Collected material START

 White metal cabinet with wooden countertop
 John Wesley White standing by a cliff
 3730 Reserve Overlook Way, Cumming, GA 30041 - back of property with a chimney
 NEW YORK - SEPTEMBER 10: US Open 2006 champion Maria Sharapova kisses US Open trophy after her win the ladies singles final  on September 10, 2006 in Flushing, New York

Collected material END

Each line above with the word "White" must be returned.

 White metal cabinet with wooden countertop
 John Wesley White standing by a cliff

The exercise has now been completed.